WHAT IS BEING ASKED — Print the whole listing below exactly, skipping every picture.

SUPPLIED DATA —
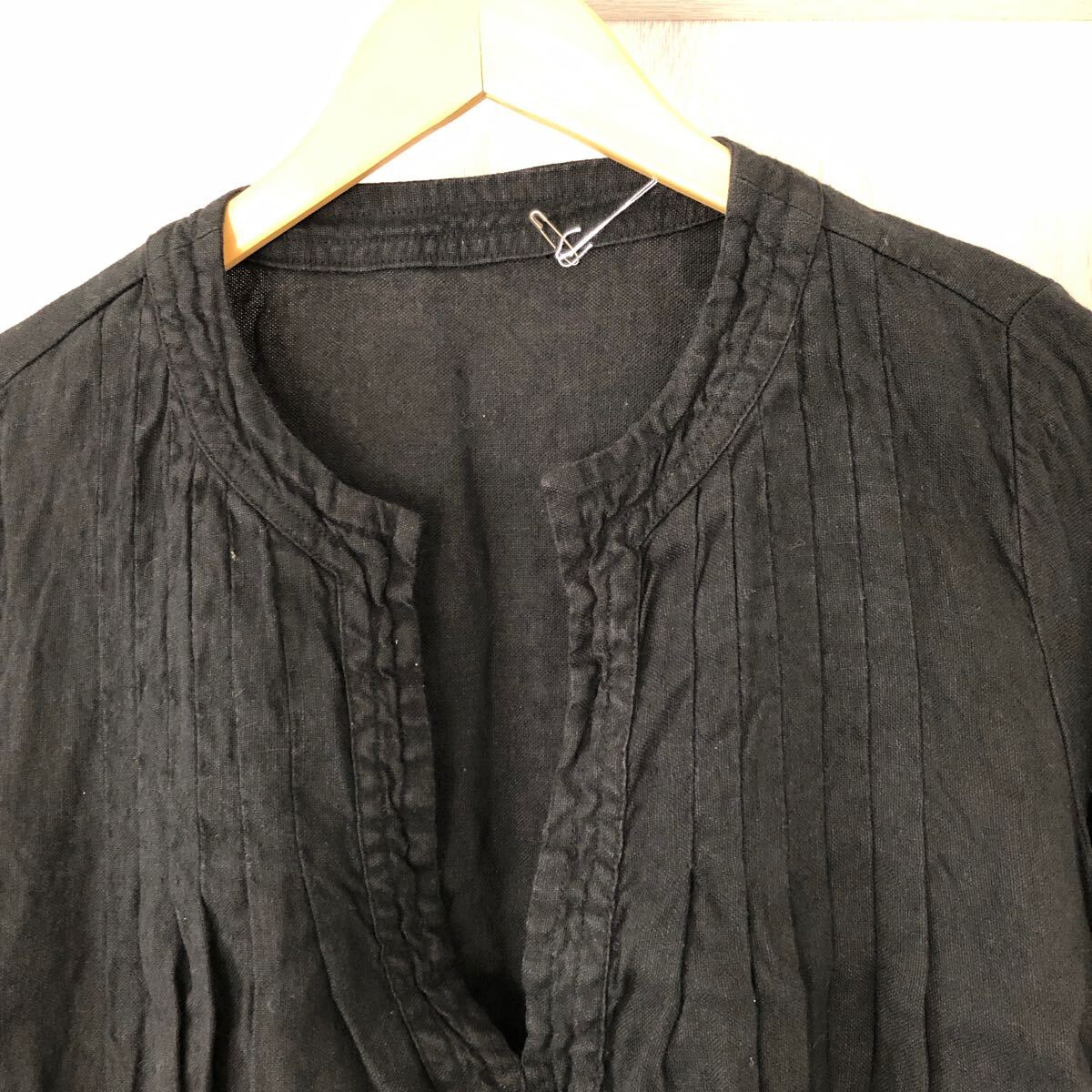 (k) nest robe ネストローブ ブラック リネン タック ワンピース 黒 ブラック 日本製 _画像3
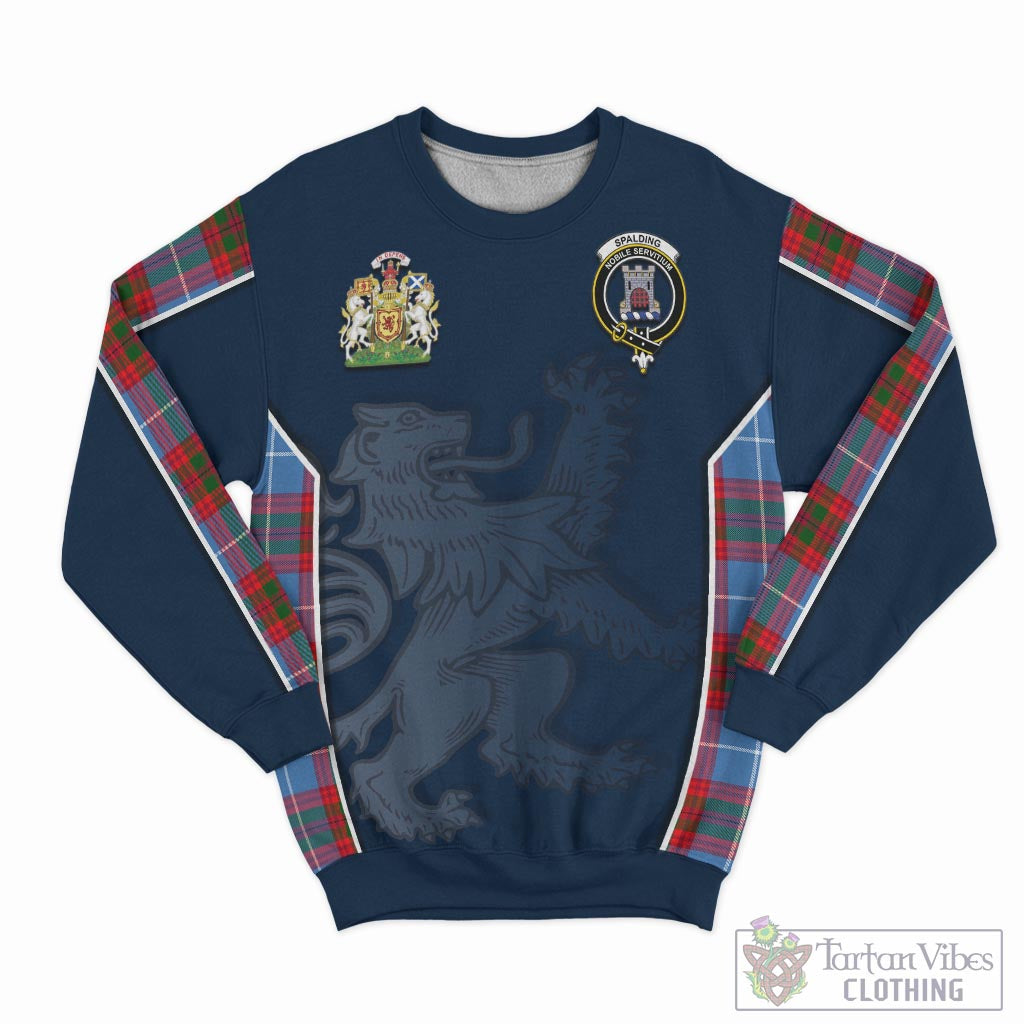 Tartan Vibes Clothing Spalding Tartan Sweater with Family Crest and Lion Rampant Vibes Sport Style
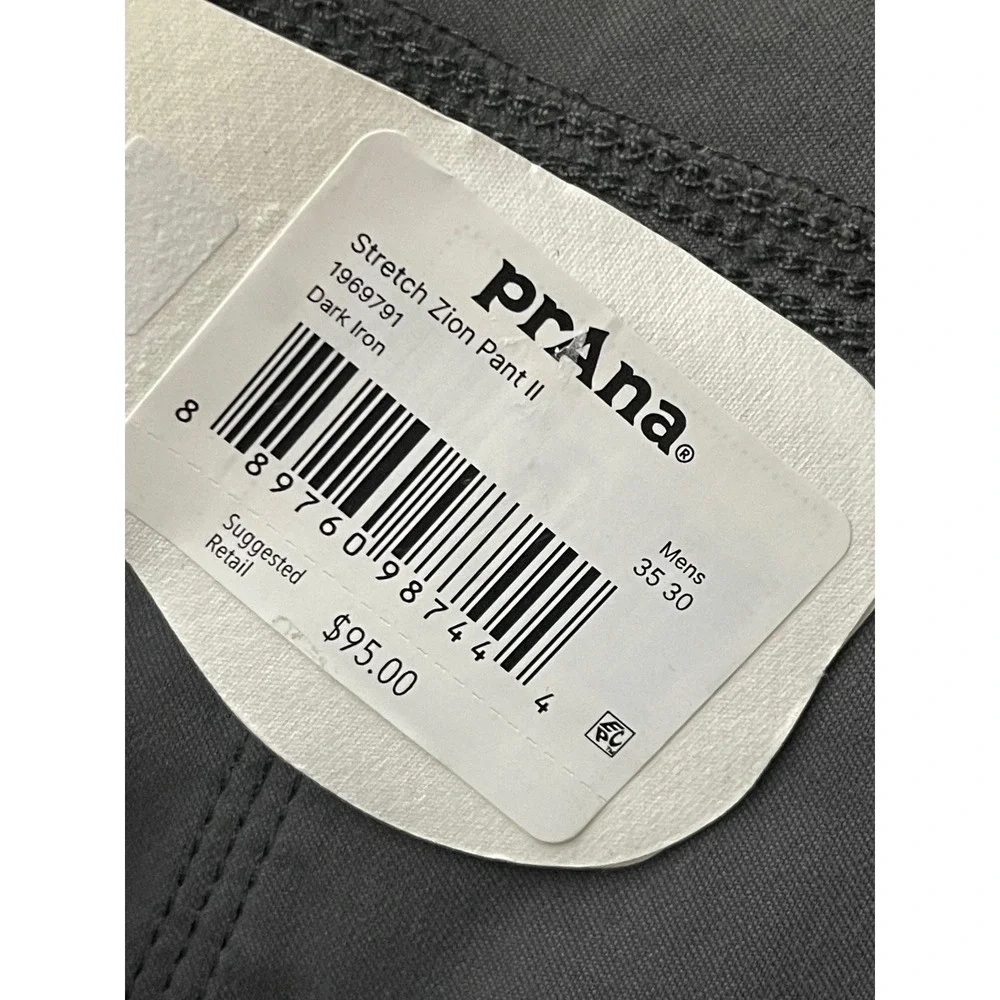 PRANA Stretch‎ Zion Pant II 35x30 Dark Iron Gray Relaxed Straight Leg Gorpcore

EXERCISE RESPONSE —
 (k) nest robe ネストローブ ブラック リネン タック ワンピース 黒 ブラック 日本製 _画像3
 Tartan Vibes Clothing Spalding Tartan Sweater with Family Crest and Lion Rampant Vibes Sport Style
 PRANA Stretch‎ Zion Pant II 35x30 Dark Iron Gray Relaxed Straight Leg Gorpcore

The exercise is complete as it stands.